For near off-target selectivity screening, individual peptides were loaded onto T2-A*11 cells at 100 μmol/L peptide and function was normalized to G12V 10-mer peptide. Selectivity peptide identification was done exactly as described previously (17) and in the Supplementary Data.

To assess TCR or CAR expression by flow cytometry, transfected Jurkat cells were stained using protein L (Thermo Fisher Scientific, 29997) or anti-mouse TCRβ (BioLegend, 109208). Binding to KRAS mutant or WT pMHC tetramers was similarly assessed following a 60-minute incubation with 10 μg/mL pMHC tetramer either individually or pooled (co-stain).

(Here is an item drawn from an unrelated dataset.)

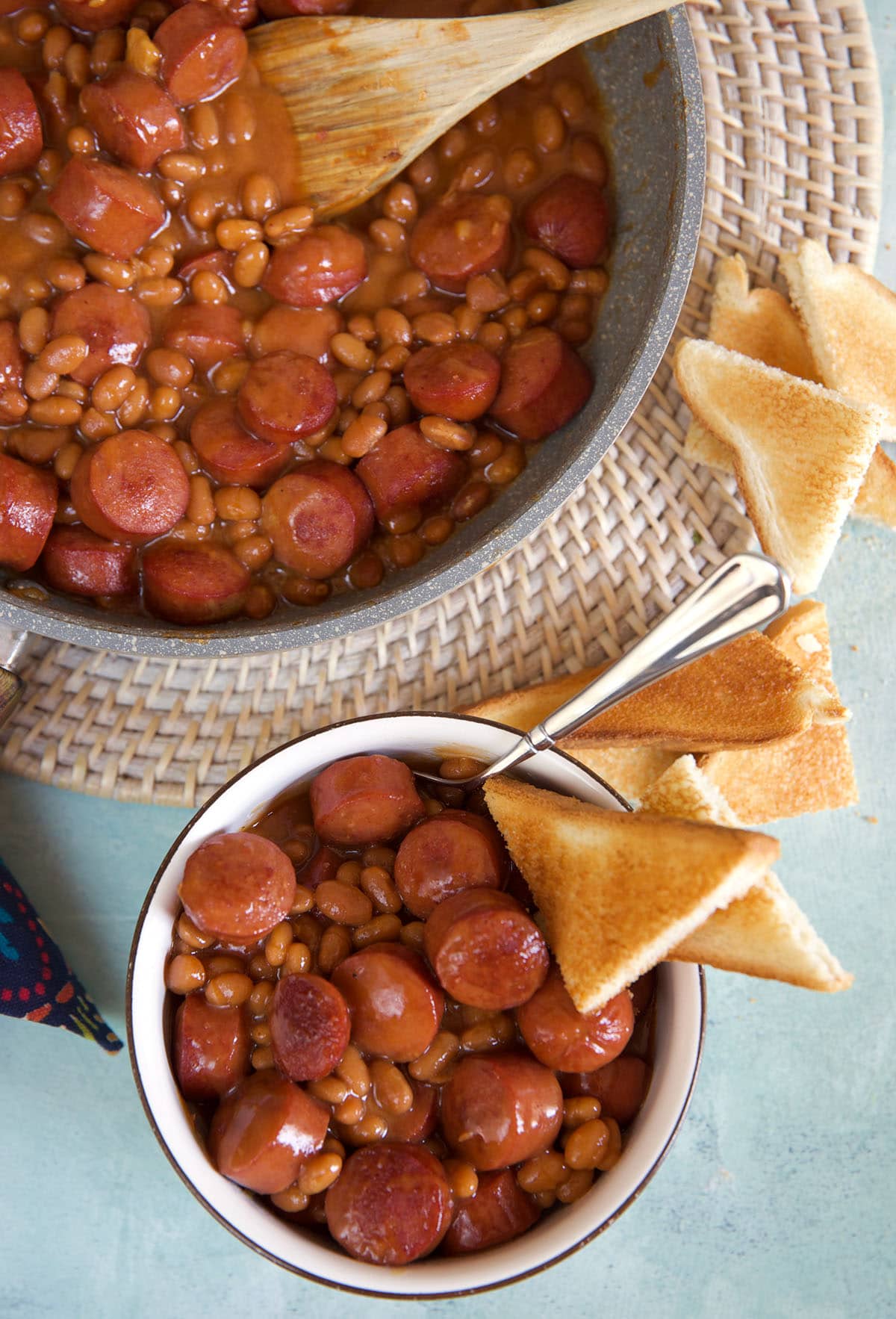 A piece of toast is in a small bowl filled with beans next to a large pot.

PBMCs from healthy donors, obtained from AllCells, were cultured and transduced with KRAS TCR or CAR constructs using custom lentivirus (Alstem) as described previously (15, 17). In the absence of enrichment, primary T cells were stained for TCR or CAR expression and pMHC probe binding similarly as described above for Jurkat cells. CD4 and CD8 T-cell populations were also characterized by flow cytometry. A total of 15 days posttransduction transduced primary T cells were enriched via positive selection by staining with protein L-biotin/streptavidin-PE or mTCRβ-PE followed by anti-PE microbeads (Miltenyi Biotec, 130-048-801) and subsequent separation through LS columns (Miltenyi Biotec). T cells were further expanded for 5 days and then cocultured with 25,000 target cells at an effector:target = 1:1 for 24 hours with peptide-pulsed T2 HLA-A*11, endogenous KRAS G12V(+) SHP77 ± HLA-A*11, or endogenous KRAS G12D(+)HLA-A*11(+) PANC-1. Secreted IFNγ in the culture was assessed by ELISA (Thermo Fisher Scientific, 88-7316-88).

The data generated in this study are available within the article and its Supplementary Data files.

We focused on HLA-A*11 and G12V/D because of previous work that characterized TCRs derived from A*11 transgenic mice immunized with A*11/G12V/D tetramers (11). These TCRs are weak or inactive against native cell lines unless loaded with peptide or engineered to overexpress A*11. Therefore, we first sought to gain confidence that unmanipulated KRAS G12V/D(+)/HLA-A*11(+) cell lines display the KRAS-mutant peptides. We used pMHC immunoprecipitation and mass spectrometry to search for peptide spectra in four such cell lines (Table 1). We identified spectra for only one KRAS 10-mer peptide (KRAS_7–16, G12V) in the KRAS G12V(+)HLA-A*11(+) COLO 688 cell line. No other KRAS peptides, WT or mutant, were detected in the remaining lines, although various WT KRAS peptides were detected in some A*02(+) cell lines tested. We also searched for other mutant KRAS peptides for which we had obtained biochemical evidence of complex formation with common HLA-A alleles [G12V/HLA-A*02 (Supplementary Fig. S1)] in one additional mutant cell line (SW527), although none were identified. This result is consistent with the low levels of most pMHCs on the cell surface (19). However, we also note that mass spectrometry is known to have false-negative results in the range of pMHC abundance (20). The discrepancy between total KRAS protein and apparent presentation is well documented (21, 22). Because only approximately 1% of pMHCs have abundance of at least 2,000 molecules/cell, we assume A*11/G12V, though detectable by mass spectrometry, is considerably less abundant (19). Thus, potent receptors are likely required to mediate effective killing by T cells at physiologic levels of mutant KRAS.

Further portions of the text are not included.